This is the second post in the plansplaining series. Each of these blog posts focuses on a sample execution plan and details exactly how that plan works.
In the first post, I covered each individual step of each operator in great detail, to make sure that everyone understands exactly how operators work in the pull-based execution plans. In this post (and all future installments), I will leave out the details that I now assume to be known to my readers. If you did not read part 1 already, I suggest you start there.
The query in this post is again based on the standard AdventureWorks sample database. But it needs an additional index, so let’s create that first:
CREATE INDEX IX_SalesOrderHeader_TerritoryID ON Sales.SalesOrderHeader (TerritoryID) INCLUDE (TaxAmt);
With the index in place, let’s now look at the sample query:
SELECT sp.BusinessEntityID, sp.TerritoryID, (SELECT SUM(TaxAmt) FROM Sales.SalesOrderHeader AS soh WHERE soh.TerritoryID = sp.TerritoryID) FROM Sales.SalesPerson AS sp;
The index appears to be custom tailored for this query. Nobody would ever blame you if you expect an execution plan that reads the SalesPerson table, then uses a Nested Loops join into an Index Seek on the new index, plus of course some aggregation somewhere. However, you would be wrong. In reality, the execution plan is as shown below:
The plan does indeed read all rows from SalesPerson, using a Clustered Index Scan. It also does feed those rows into a Nested Loops join.
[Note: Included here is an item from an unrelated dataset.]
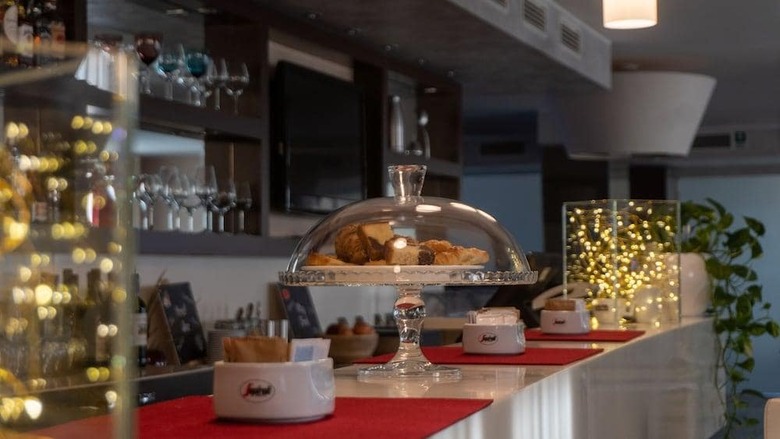 Hotel Base To Stay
But the inner (lower) input of the Nested Loops uses an Index Scan instead of an Index Seek, and adds a Table Spool. Why did the optimizer choose this plan? And perhaps even more important, how does it even give us the data we need?
Let’s dive in
Let’s dive in, and let’s focus directly on the part that matters: the inner input of the Nested Loops join. After Nested Loops receives the first row from Clustered Index Scan, it initializes the lower branch and requests the first row.
The first iteration
The Index Scan on the right-hand side of that input has its Ordered property set to True, so in this case we know for sure that data will be returned ordered by SalesTerritoryID: first all rows with SalesTerritoryID 1, then those with 2, etc. But of course, as all operators it only returns data when requested to give data. In this case it is a Stream Aggregate that calls the Index Scan. The Stream Aggregate will continue to call Index Scan until the value in its Group By column (TerritoryID) changes. So in this case, it will read all rows with SalesTerritoryID 1, then receive the first row with SalesTerritoryID 2, and then stop calling Index Scan and return a single row with SalesTerritoryID 1 and a second column (Expr1002) that holds the sum of all TaxAmt values. (This can be seen from the Defined Values property).
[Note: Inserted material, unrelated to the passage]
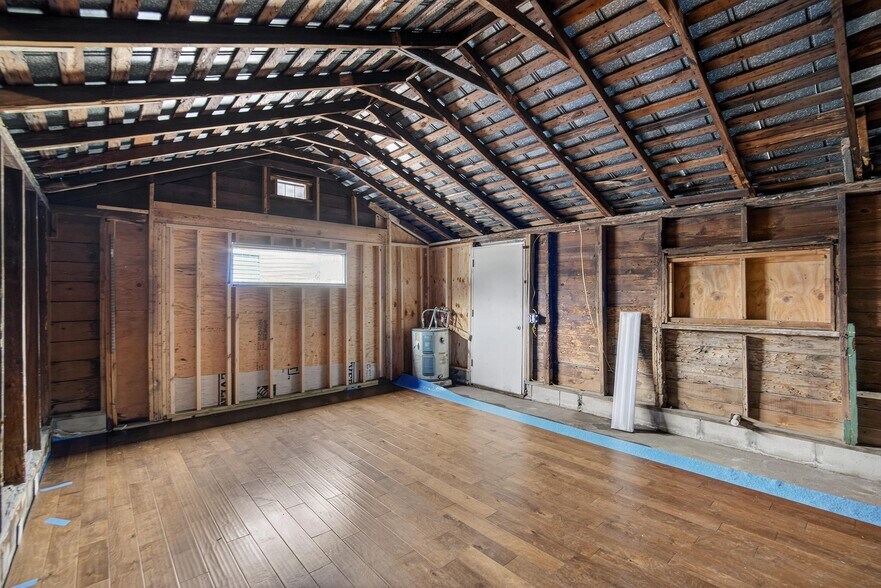 More Photos Of 1305 N Armenia Ave, Tampa Office For Sale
Table Spool is working as a Lazy Spool. Upon receiving this first row, it stores it in a worktable, and then immediately returns it to Nested Loops. This operator will verify its predicate to test if this row matches the row from the SalesPerson table. If it doesn’t, then it calls the Table Spool again, requesting the next row. If it does, it returns the combined results and waits until called again, and then requests the next row from Table Spool. So either way, Table Spool is requested for a second row.
When Table Spool regains control, it will once more pass on the request for a row to Stream Aggregate. This operator already received a single row with SalesTerritoryID 2. It now repeatedly invokes Index Seek to get the other rows for this territory, until it sees the next new value (3). Stream Aggregate then returns SalesTerritoryID 2 and its SUM(TaxAmt) to Table Spool, which adds this row to the worktable and then returns it. The worktable now has two rows stored, for the first two sales territories.
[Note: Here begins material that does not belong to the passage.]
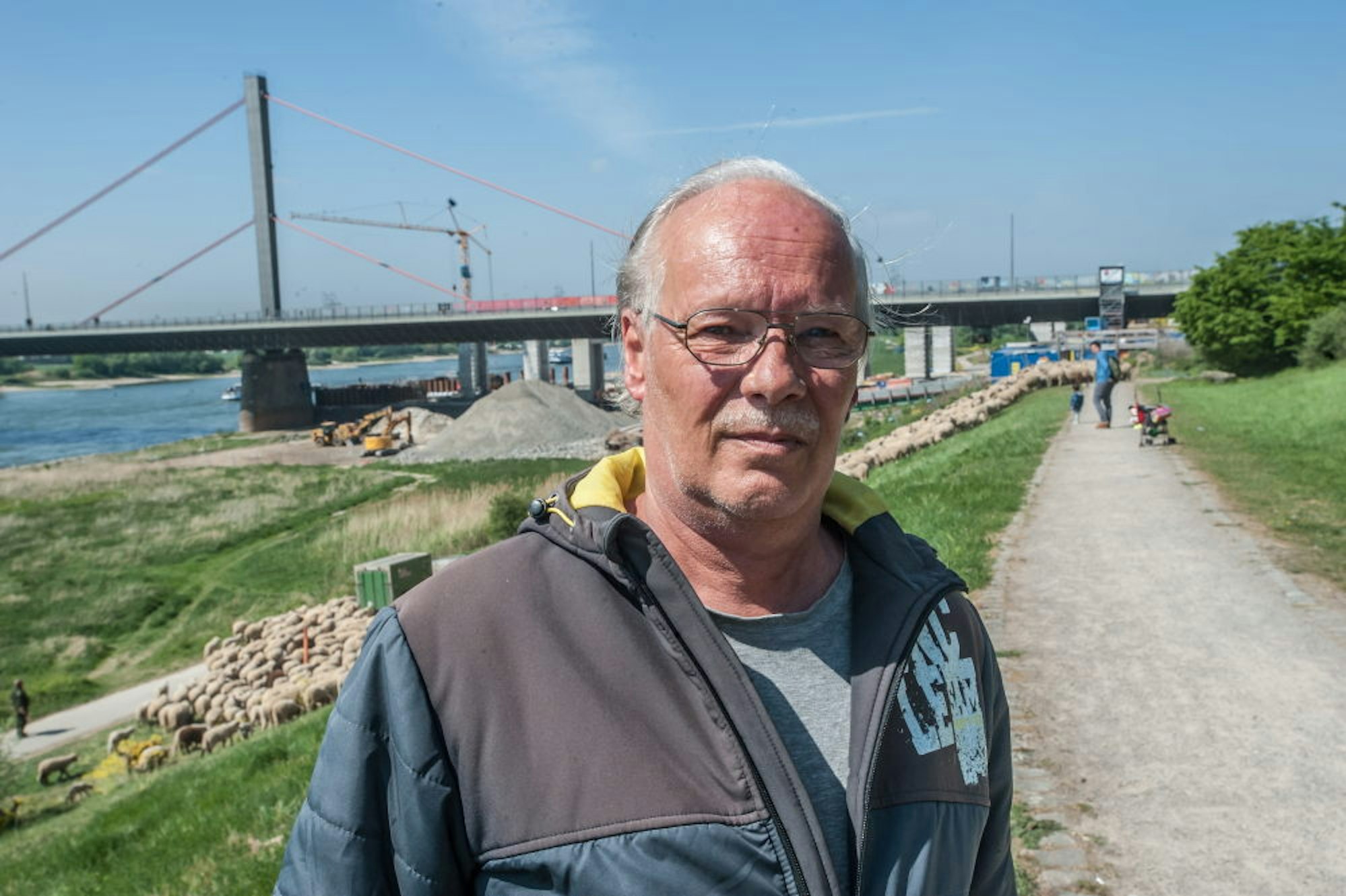 Die Vorgänge um den Brückenbau beschäftigen alle, auch Helmut von Fragstein.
The above process repeats until all rows from SalesOrderHeader are read. There are only ten distinct SalesTerritoryID values in this table, so Table Spool returns ten rows (after storing them in the worktable). Upon the eleventh call, Table Spool returns “end of data”. Nested Loops has Left Outer Join as its logical operation, so it checks if at least one match for the row from SalesPerson was found. If not it now returns that row with a NULL value for Expr1002 and waits to regain control; otherwise it will immediately move on.
The second iteration
When the first iteration of the inner (lower) input is done, Nested Loops returns to the outer (upper) input and reads the second sales person. It then reinitializes the inner input and again calls the Table Spool. However, this second initialization is a rewind. When a Nested Loops operator does not have an Outer References property (as in this case), then by definition the first execution of the inner input is a rebind and all other executions are rewinds.
Table Spool is one of a select group of operators that actually care about the difference between rebinds and rewinds. The description above, for the first execution, is for a rebind. For a rewind, the Table Spool does not call its child operators. Instead, it uses the worktable created previously to return the same set of rows as the previous time.
So for the second salesperson, Table Spool is called, looks at the worktable, and returns the first row stored (the row with SalesPersonID 1 and its total TaxAmt value). Then when Nested Loops calls it again it reads and returns the second row from the worktable, and so on until all rows are returned and it once more responds with “end of data”.
Bringing it together
There are a total of seventeen rows in the SalesPerson table. For each of those rows the inner (lower) input is executed. The first execution is a rebind, so the Index Scan and Stream Aggregate are returned. All of the other executions are rewinds; for these the child operators do not run because Table Spool returns the data from the worktable.
Do not be misled by first appearances. Normally the lower input of a Nested Loops executes multiple times. Normally you do not want to see a scan there, especially not on a table as large as SalesOrderHeader. But in this case, first looks deceive. The only operator that actually executes multiple times is the Table Spool, which uses a worktable to store the output for later reuse, shielding its child operators from having to execute multiple times.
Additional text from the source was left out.